Recently I decided to give electric razors another try. I’m a patient man. It seemed reasonable to give them fifty years to make an electric shaver shave. But this time I went for the big Kahuna – I got the one with the three rotating floating heads – you could even clean it by running it under the faucet. I regret to report that electric razors are still a cruel joke on mankind. They are not worth a shit. Ladies, don’t give one to your guy as a gift! He’ll use it as a courtesy, until his face is rubbed raw, then shove it out of sight under the sink and go back to lather and a blade. It’s hard to go wrong with lather and a blade for a good clean shave.

Does anything make you feel more stupid than when you look down and find that you have had the turn signal blinking away for the last fifteen miles?

Is it just me, or has France reaced the point where they just can’t do anything more emabarrassing? I wonder how it feels to be the laughing stock or the rest of the world?
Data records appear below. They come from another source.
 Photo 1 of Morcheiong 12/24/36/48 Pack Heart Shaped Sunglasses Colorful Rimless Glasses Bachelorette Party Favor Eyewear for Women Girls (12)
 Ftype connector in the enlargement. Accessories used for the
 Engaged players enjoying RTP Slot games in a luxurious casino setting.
Would God please grace us by allowing us to never have to hear the name, Kofi Annan again? What a blithering idiot. Somebody please give him a spear and send him out to get a real job. Better yet, give him an electric razor
Is there anyone sane left in Washington? We’ve wasted twenty-five years on NASA’s worthless Shuttle program (notice they are still using the same dangerous “tile” method to keep the damned shuttle from burning up when they reenter the atmosphere – if the tiles were falling off 25 years ago and they still are, wouldn’t you think someone would say, “Hey, about this tile thing…..” Of course the “experiments” the astronauts proformed could well have been done by remote control (will tomato seeds germinate in space? Will rats mate in weightlessness? -“Hang on Sloopy, Hang on!”) Who gives a shit! But to hear NASA rave on about how mankind has benefited by having “live” people up there you’d think they had acturally accomplished something useful. Trust me on this one – they haven’t.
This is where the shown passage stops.